Piotr Karwatka: [00:00:40] Hello everyone, today my guess is Finbarr Taylor, founder of Shogun. Shogun is a front-end for e-commerce with great building capabilities with features that are absolutely great and today we'll be getting to dig into it. Hi, Finbarr thanks for accepting my invitation.
Finbarr Taylor: [00:00:59] 87. Yeah. Thanks so much for the opportunity. I really appreciate it. It's great to be chatting with you today. Yeah, really happy to tell you a little about Shogun and myself. I'm originally a software engineer, uh, studied Computer Science in Scotland and moved to Silicon Valley, uh, where I worked for Groupon and Pebble Tech. And yea, then Y Combinator.
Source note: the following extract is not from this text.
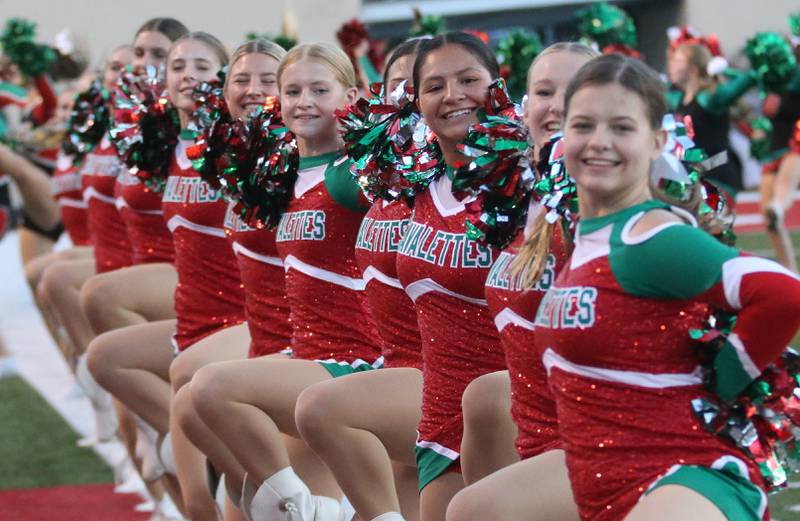 The L-P Cavalettes perform before the game against Metamora on Friday, Sept. 1, 2023 at Howard Fellows Stadium.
And then along the way I founded Shogun and somehow it's kind of blown up and I'm amazed at how big it's become, but we're having lots of fun and loss lots to do still. So yeah thanks so much for having me on the show. That's awesome.
Piotr Karwatka: [00:01:29] So you work at YC, but now like, you know, being a startup in their portfolio?
Finbarr Taylor: [00:01:38] Yeah. It was a great experience. I worked there for about a year and a half I got to build internal tools for things like finding great company, managing their portfolio they've they have like a pretty comprehensive CRM system for all the companies we've invested in. It's a cool piece of software. I built the first version of startup school, which has become really huge now as well, and some other things, but it was a great place to work. I really enjoyed getting to meet, you know, getting to work with and meet with the people that work there and just seeing how startups actually happen in Silicon Valley and getting to read about how the companies were doing.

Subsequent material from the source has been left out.